Baca juga: Hanya di India, Gara-gara Petir, Pernikahan Batal, Perkelahian Massal pun Pecah
la bisa meminggir ke kiri maupun ke kanan. Jadi sebelum menyalib lihat dulu "anginnya" ke kiri atau ke kanan. Jika sudah jelas meminggir ke mana, barulah menyalibnya. Repotnya kalau menabrak sapi maka bisa-bisa kena keroyokan penduduk.
Berhubung banyaknya sapi yang berkeliaran di jalan, sudah tentu kemungkinan tidak sengaja menabraknya cukup besar. Ah... tak mujur, kamipun sempat berurusan dengan sapi.
Menjelang kota Kanpur, tiba-tiba seekor sapi nyelonong dari iringan truk yang berlawanan dengan kami dan seketika sudah berada di hadapan kami. Tak terhindarkan lagi, bumper depan membentur pantat sang sapi. Dia terlempar ke samping dan terduduk lemas.
Kontan kami menggenjot mobil dengan kecepatan penuh. Takut penduduk turun tangan. Ketika seperempat jam kemudian kami berhenti yakni setelah merasa aman, ternyata "grill" dan kap mesin dari Mazda 323 kami sudah penyok. Ya, kenang-kenangan dari binatang yang dianggap suci itu.
Ketika mobil kami meluncur di daerah pedesaan di negara bagian Bihar, tampak seorang lelaki tua berjalan tanpa secarik kainpun melekati tubuhnya. Di depan itu ada 4 orang pria bugil lagi jalan beriringan.
Demikian pula dalam 5 Km berikutnya, kami menjumpai tidak kurang 10 pria bugil.
Semuanya serupa. Masingmasing menenteng kendi air yang terbuat dari tanah liat dan menggenggam sebuah kipas yang entah terbikin dari apa.
Di belakangnya mengiringi seorang atau dua orang wanita yang berpakaian serba putih dan membawa kipas bersama cerek air yang terbuat dari logam.
Lain lagi kejadian di pedalaman dekat kota Indore, negara bagian Madhya Pradesh. Di tepi jalan nongkrong 3 ekor gajah dan segerombolan orang yang berpakaian aneh dengan muka tercoreng berbagai garis berwarna.

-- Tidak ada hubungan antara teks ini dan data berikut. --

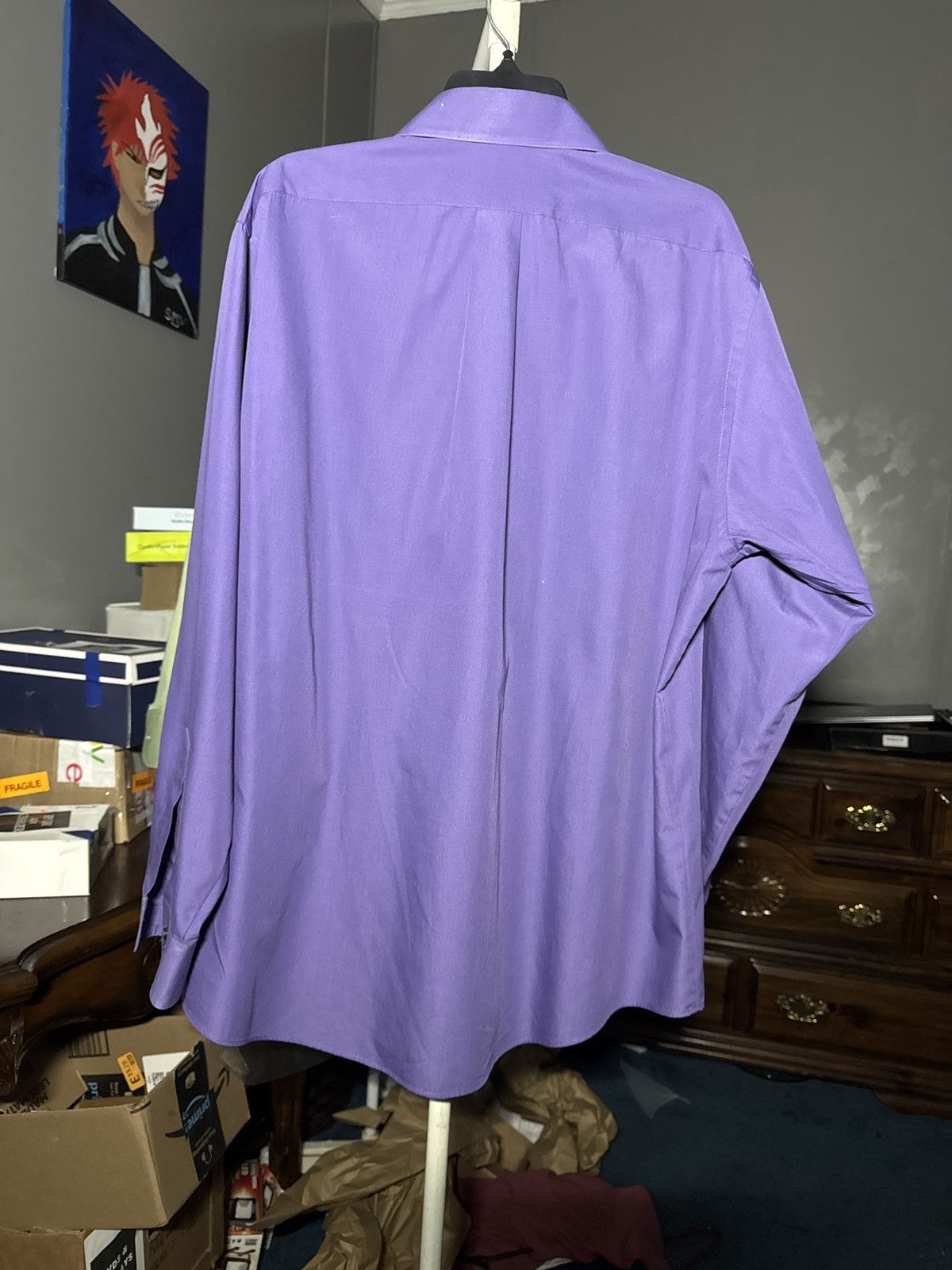 Van Heusen Van Heusen Men’s Long Sleeve- Large Size US L / EU 52-54 / 3 - 2 Thumbnail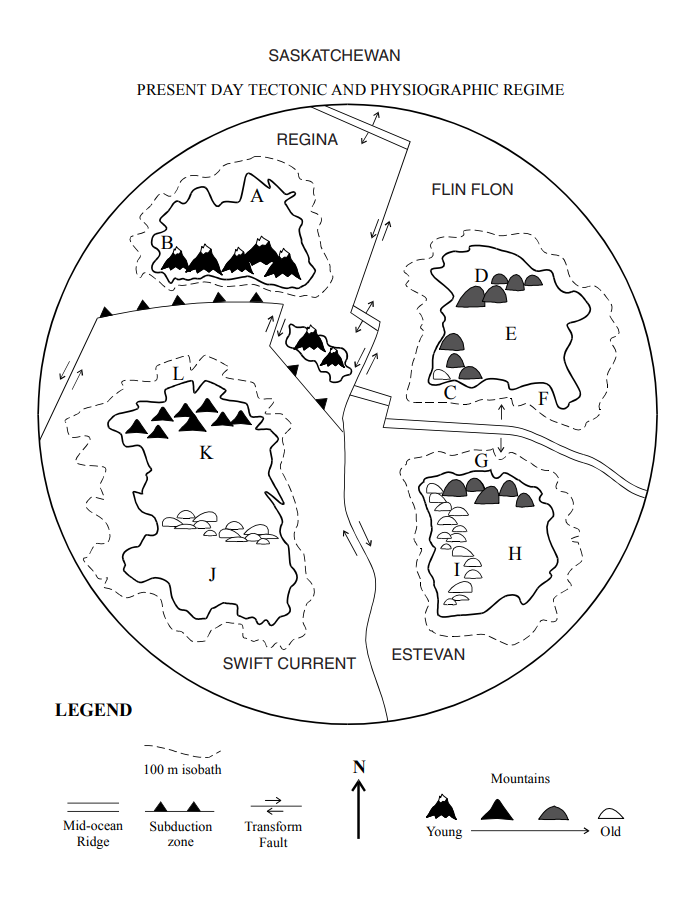 Draw a paleogeographic map for the Cambrian, | Chegg.com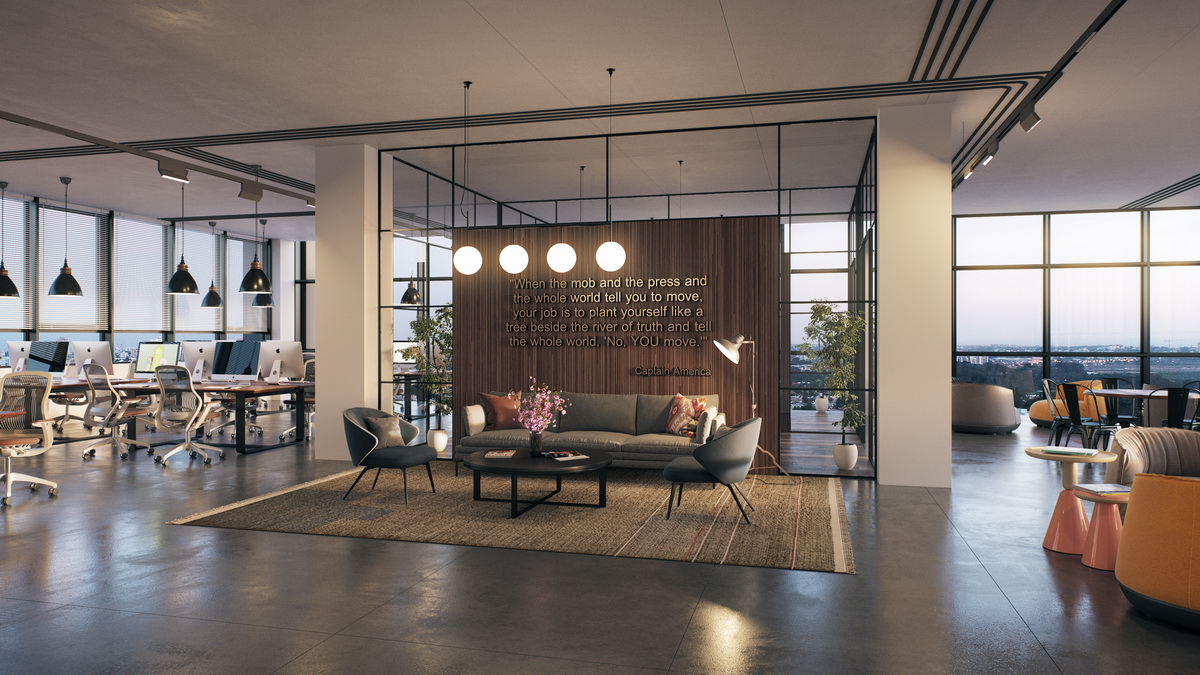 Γραφείο 320 μ² προς ενοικίαση στην τοποθεσία Nicosia - Ag. Antonios, Nicosia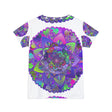 Rainbow Mandala Women's T-Shirt - Colorful & Intricate All Over Prints - Blululi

Tanpa pikir panjang kami memberhentikan mobil. Baru hendak mematikan mesin mobil, muncul beberapa orang yang berteriak sembari mengacungkan golok. Buru-buru, kami tancap gas.
Sesungguhnya kejadian-kejadian ini menggambarkan betapa masih kokohnya sistim sosial membentengi rambatan pembangunan di India. Hanya saja, bagi pelancong yang ganjil itu justru menyenangkan.
Meskipun itu suatu ironi! (Ditulis oleh Erlangga Ibrahim – Intisari Juli 1979)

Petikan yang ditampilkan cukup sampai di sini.